自分の意思で体を自由に動かせない「寝たきり」の人は、着替えをするのも一苦労です。
健常者なら当たり前にできる「動き」をとれない人にとって、またその介助をする人にとっても、着替えるという行為には時間が掛かり、体力を消耗します。
ゆったりと着替えをすることができる時間をとり、決して無理な体勢をとらないことが大切です。
そして、介護シーンの中で着替えるタイミングを上手くとると、寝たきりで過ごす人の気分を切り替えるスイッチとなりメリハリを与えます。
介助をする人もされる人も、双方が少しでも楽に着替えと向き合える様にしましょう。
〇着脱しやすいデザインの着替えを準備
在宅看護への取り組みが盛んになってきていることもあり、介護用品や福祉用具の調達が楽に行えるようになりました。
専門店でしか購入することができなかったものが、今では量販店でも取り扱われています。
●寝たきりでも着替えやすい 衣類の選び方
ずっと安静な姿勢を保つ要介護者にとって、圧迫感やしめつけ感がある衣類はストレスを感じさせます。
窮屈に感じないためにも、体形よりも少し大きめで、ゆとりがあるものを選びましょう。
丸首の上着は、着脱に不向きです。
羽織ってボタンで留める前開きの上着を揃えましょう。
肌着も、頭からすっぽりと被るのではなく、前合わせで紐止めするタイプのものがおすすめです。
ズボンは総ゴムタイプの物を選び、ボタンがないものを選びます。
寝たきりの人は、仰臥位で過ごす時間が長くなります。
前合わせボタンの上着はさほど問題ではありませんが、ズボンの飾りボタンがある場所は、ほんの小さなものでも身体を圧迫し、褥瘡を起こすリスクを高めます。
●寝たきりの人が感じる痛みや可動域に合わせて
着替えを介助する人は、スムーズに進まない時こそ、どうにか服を着せようという気持ちが湧いてきます。
しかし、寝たきりの人は、関節が拘縮していたり、姿勢によって痛みを感じることがあります。
着替えのたびに、痛みや無理な姿勢をとらねばならないという気持ちが湧くと、介助をする人もされる人も、着替えが苦痛になってきます。
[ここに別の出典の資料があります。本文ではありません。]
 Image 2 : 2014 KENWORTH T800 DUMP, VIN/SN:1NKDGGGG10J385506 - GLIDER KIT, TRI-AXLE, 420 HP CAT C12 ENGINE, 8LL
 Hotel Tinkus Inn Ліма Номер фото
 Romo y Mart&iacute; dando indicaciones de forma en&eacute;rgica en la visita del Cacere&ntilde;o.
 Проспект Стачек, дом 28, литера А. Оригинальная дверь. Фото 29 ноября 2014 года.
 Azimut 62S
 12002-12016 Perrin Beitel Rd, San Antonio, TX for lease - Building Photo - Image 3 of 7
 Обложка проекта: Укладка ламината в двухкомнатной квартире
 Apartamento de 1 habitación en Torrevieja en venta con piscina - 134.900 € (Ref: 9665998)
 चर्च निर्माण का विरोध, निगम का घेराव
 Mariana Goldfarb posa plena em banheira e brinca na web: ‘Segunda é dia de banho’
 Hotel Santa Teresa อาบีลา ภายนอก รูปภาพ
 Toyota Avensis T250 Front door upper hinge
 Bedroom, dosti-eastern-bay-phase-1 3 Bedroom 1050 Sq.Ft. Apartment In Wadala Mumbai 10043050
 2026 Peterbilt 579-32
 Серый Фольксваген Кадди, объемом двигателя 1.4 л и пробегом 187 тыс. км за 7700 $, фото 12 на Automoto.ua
清潔を保ち、気分を切り替えて生活リズムを維持するためにも、スムーズに着替えられる衣類を選ぶようにしましょう。
〇寝たきりの人がスムーズに着替える手順は
病棟看護師や介護職の人は、多くの介助人をスムーズに着脱することができますね。
流れるような手順を見て感心する人もいるでしょう。
介助が必要な人の着替えは、「脱腱着患」を基本にして行います。看護師や介護職につく人は、この知識をもとに着替えを行っているからスムーズに行えるのです。
●脱腱着患の着替えで寝たきりの介助を楽にする
介助が必要な寝たきりの人は、動かしにくい(動かない・痛みがある)側と、障害や痛みがない側があります。(全身に神経や感覚の障害がある人は、適時その人に合わせた方法を看護計画の中に立案するケースもあります。)
動かしにくい側を患側、動かせる(動かしやすい)側を腱側といいます。腱側から脱がせて、患側から着せるというのがこの「脱腱着患」の手順です。
脱がせるときは、痛みや可動に問題がないほうからスタートし、患部をいたわりながら脱がせる。また着せるときはゆっくりと負担をかけずに患側から着せて、健側の袖を通すというのが、要介護者に負担が少ない方法です。
過剰に体位を変換したり何度も体を動かさなくても、この「脱腱着患」を意識して着替えをすれば、負担も時間も短縮することができるでしょう。